(Beginning of DATA FOR THIS TASK)

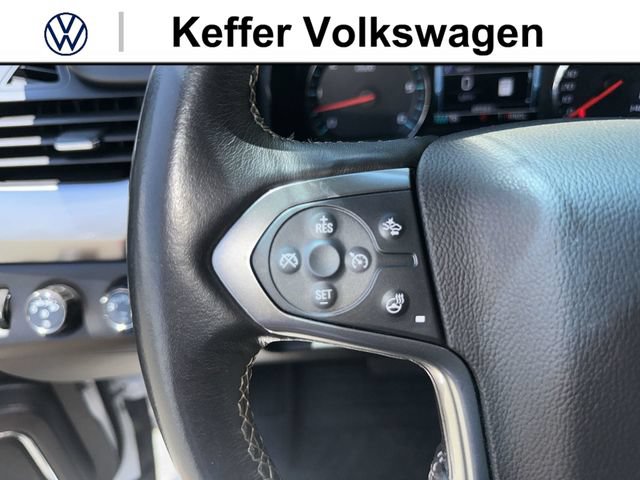Used 2020 Chevrolet Suburban Premier AWD/4WD image 17
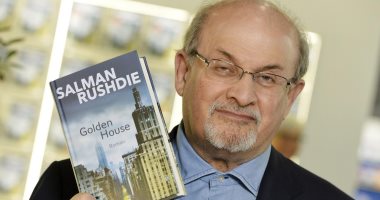 After losing his eyesight and his hand .. Will Salman Rushdie continue his creative career?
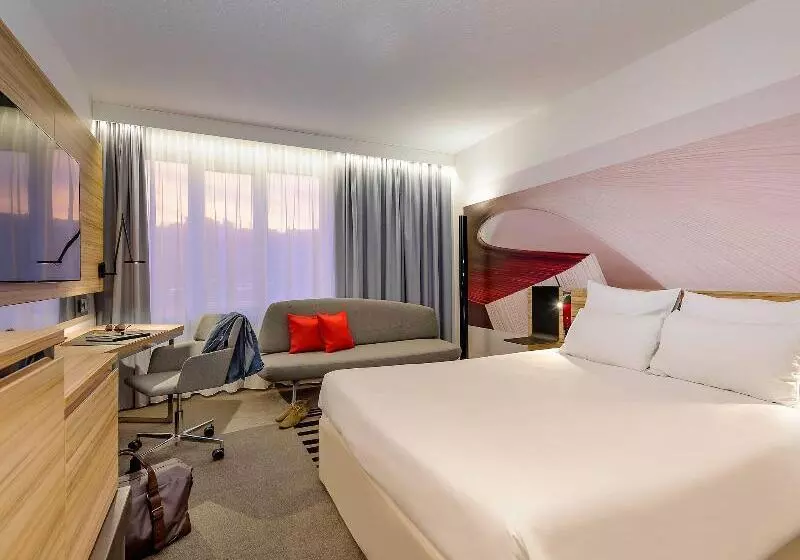 スタンダードトリプルルーム, Novotel Köln City
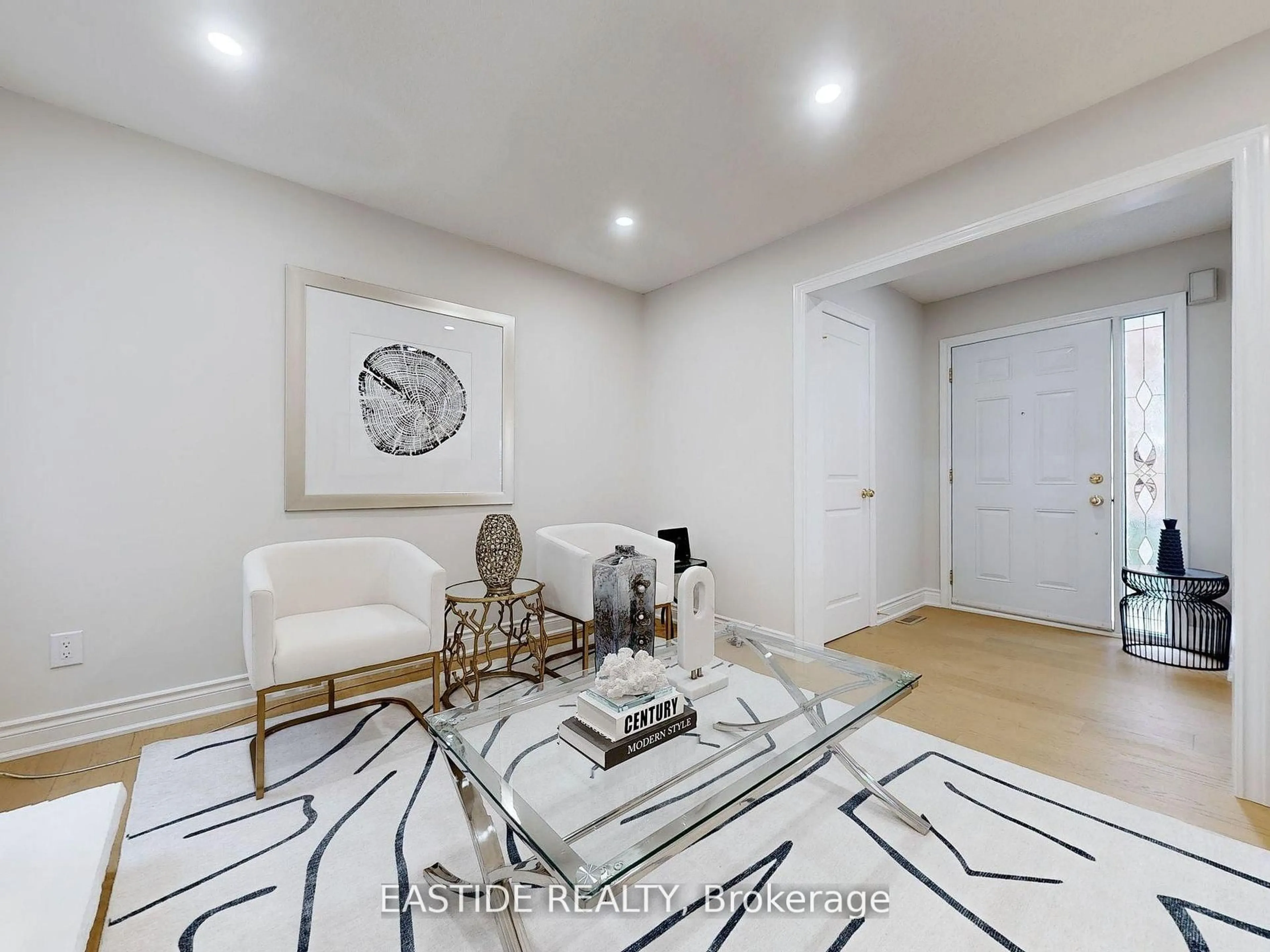 A pic of a room for 3282 Dragon Dr, Mississauga Ontario L5B 3G7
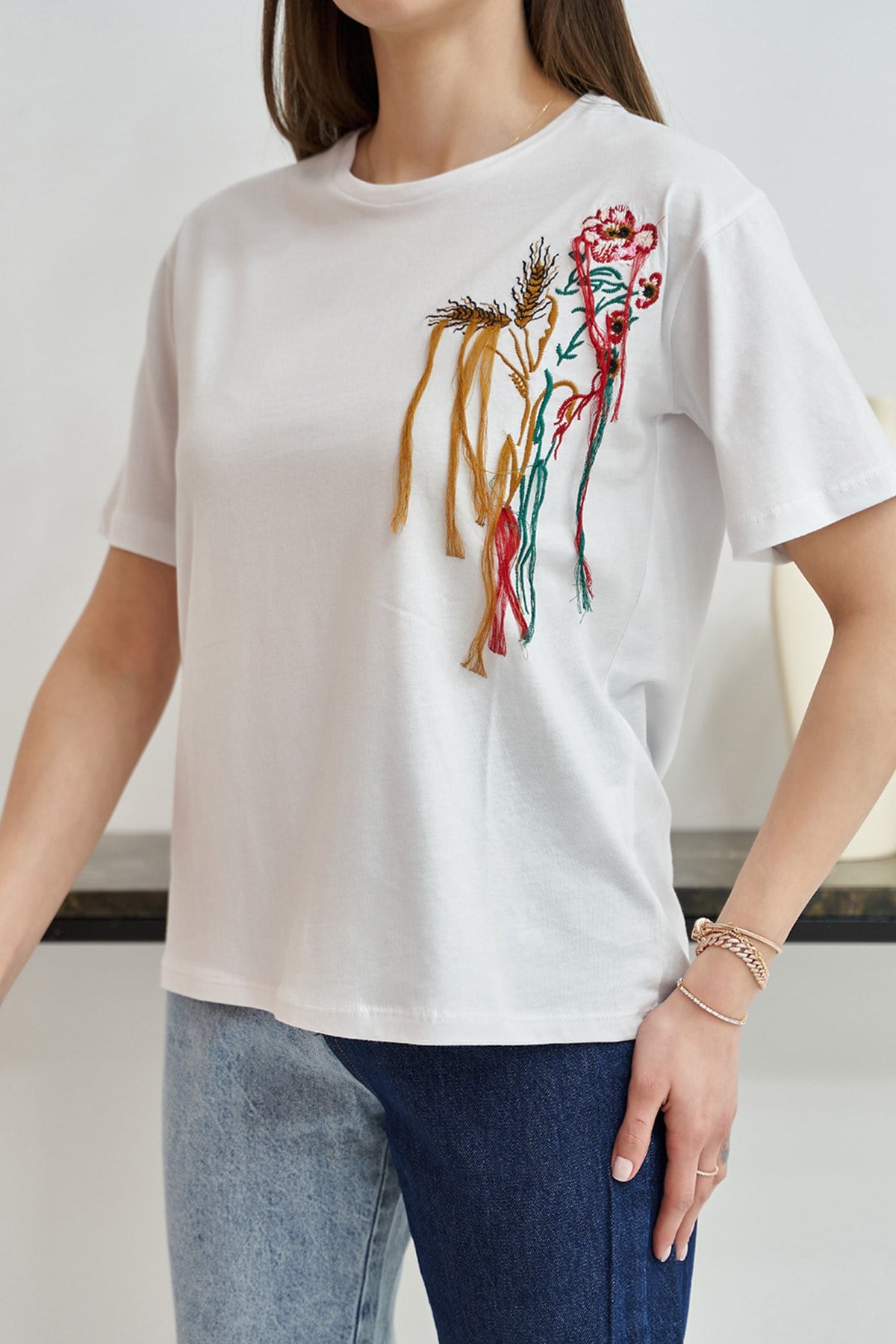 ELBEE Nakış Detaylı T-Shirt - Beyaz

(End of DATA FOR THIS TASK)

Although the records contain pictures, the output must hold only their exact wording.

COMPLETED TASK:
Used 2020 Chevrolet Suburban Premier AWD/4WD image 17
 After losing his eyesight and his hand .. Will Salman Rushdie continue his creative career?
 スタンダードトリプルルーム, Novotel Köln City
 A pic of a room for 3282 Dragon Dr, Mississauga Ontario L5B 3G7
 ELBEE Nakış Detaylı T-Shirt - Beyaz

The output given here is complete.